Encore plus inquiétant, le jeu de poker
menteur autour d’Areva : il s’en est fallu de peu que l’émirat mette la
main sur les mines d’uranium du groupe nucléaire ! A la manœuvre,
l’ancien secrétaire général de l’Elysée Claude Guéant, l’intermédiaire
de choc Alexandre Djouhri, Henri Proglio, le PDG d’EDF, et François
Roussely, du Crédit suisse – une des banques conseil en France des
Qataris avec la banque Rothschild.
L’alternance est, apparemment, un
concept qui ne s’applique pas à cet aréopage.
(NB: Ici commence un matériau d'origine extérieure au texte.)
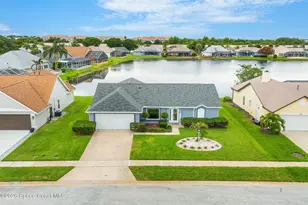 1896 Fabien Cir, Melbourne, FL 32940 - Photo 1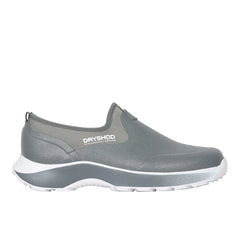Evalusion All-Around Slip On Sneakers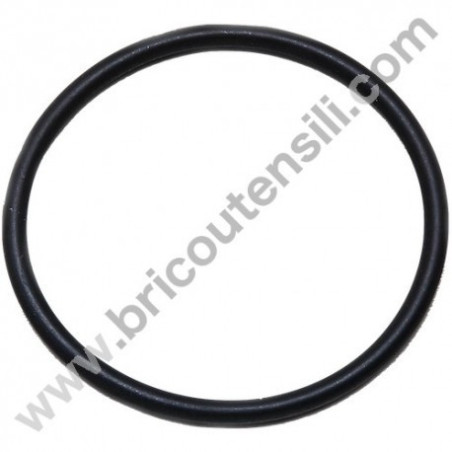 Base Cover O-Ring 75 for Sander Makita 9046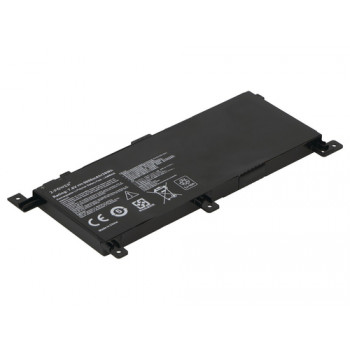 2-power 2P-C21N15WZ - accu - 2-Power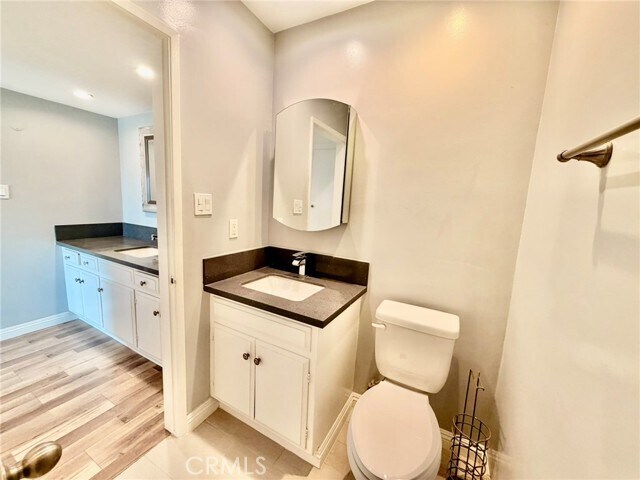 Building Photo - 400 S Los Robles Ave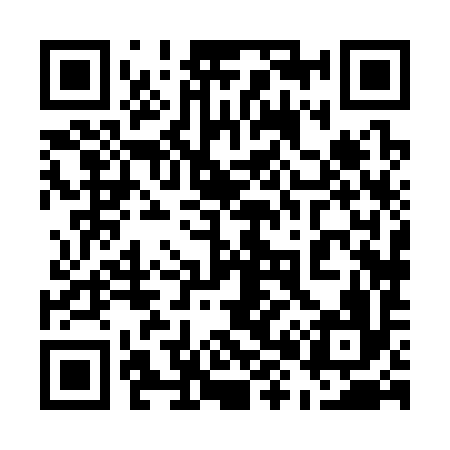 QR code for 588396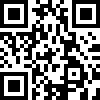 https://mefa.ir/x8hJM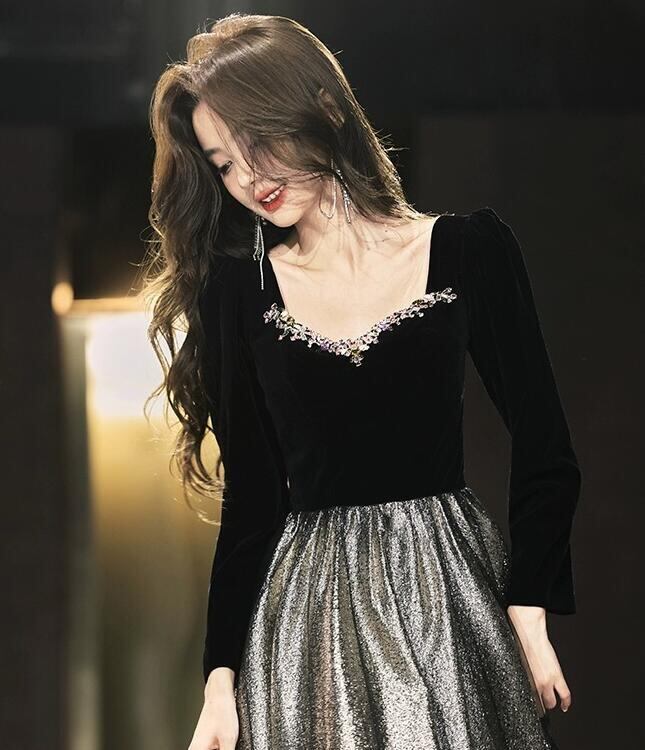 ドレスまとめ売り knd0006_2407_1_i_08.jpg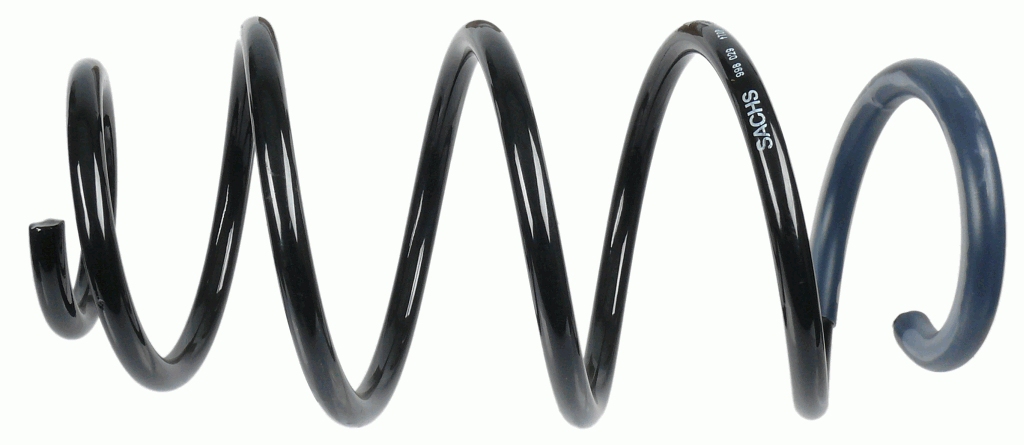 Veer Sachs 998 029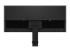 Lenovo ThinkVision S22e-20 - 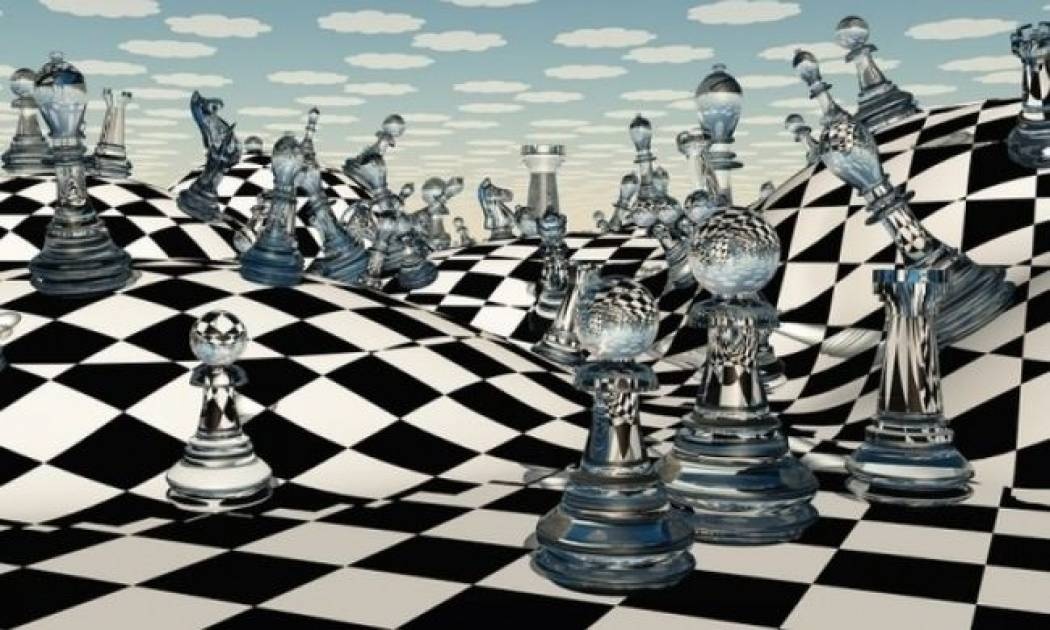 Μπ0ρ31τε να δ1αβασ3τε αυ7ο; Δείτε γιατί!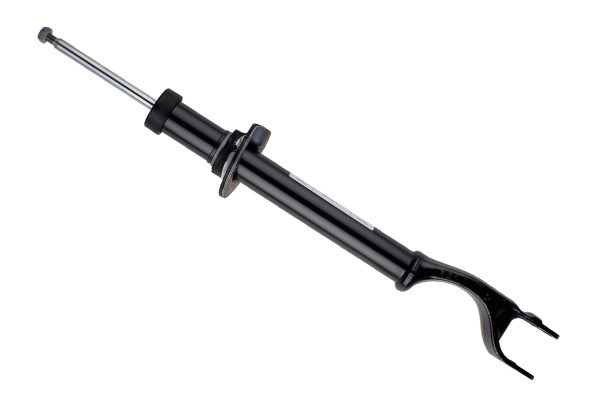 Stoßdämpfer vorne rechts BILSTEIN B4 Mercedes-Benz C-Klasse C 400 4-matic 333cv 2014-2018 - GT2i - BIL-24-251648 - 24-251648 - 4025258815523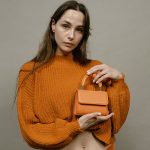 Home Tales of the Past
C’est d’ailleurs peut-être
ce qui a conduit l’ambassadeur du Qatar à annoncer de nouveaux
investissements dans les groupes français.
A ce rythme-là, la France va finir par avoir plus besoin du Qatar que l’inverse.
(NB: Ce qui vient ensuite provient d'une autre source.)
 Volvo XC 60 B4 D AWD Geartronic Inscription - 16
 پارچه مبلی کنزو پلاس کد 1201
IMMOBILIER : 4 MILLIARDS NET D’IMPÔTS
Les avoirs immobiliers en France des
Qataris se partagent entre différents membres de la famille régnante.
Ils comprennent des immeubles de luxe et de nombreux hôtels. Au total,
l’immobilier détenu par l’émirat dans notre pays atteindrait ainsi
4 milliards d’euros. Début 2008, les Qataris ont obtenu le vote au
Parlement français d’un statut fiscal qui les exonère d’impôt sur leurs
plus-values immobilières en France. Et ils en profitent : ces dernières
années, ils ont racheté des hôtels de luxe comme le Martinez et le
Carlton, à Cannes, le Royal Monceau, le Concorde Lafayette, l’hôtel du
Louvre, à Paris, le Palais de la Méditerranée, à Nice. Mais ils ont
également fait main basse sur le somptueux hôtel Lambert sur l’île
Saint-Louis, à Paris, le splendide hôtel d’Evreux de la place Vendôme, à
Paris, l’immeuble Virgin des Champs-Elysées, le siège de Vivendi,
avenue de Friedland, à deux pas des Champs-Elysées, le siège d’Areva
près de l’Opéra, et la tour Pacific à la Défense, ainsi que sur le
centre de conférences Kléber, lieu chargé d’histoire – le haut
commandement militaire allemand s’y était installé sous l’Occupation et
c’est là qu’ont été signés les accords de Paris mettant fin à la guerre
du Vietnam. Le destin du centre Kléber est de devenir un palace pour
milliardaires…
Au total, les avoirs qataris en France –
immobilier et CAC 40 – dépasseraient donc les 10 milliards d’euros
selon nos calculs. Une somme qui rejoint les statistiques de la Banque
des règlements internationaux (9,79 milliards), ce qui représente trois
fois moins que les investissements du Qatar en Grande-Bretagne, mais
deux fois plus que ceux de l’Allemagne.
(1) «Qatar, l’offensive stratégique», no 62, été 2012.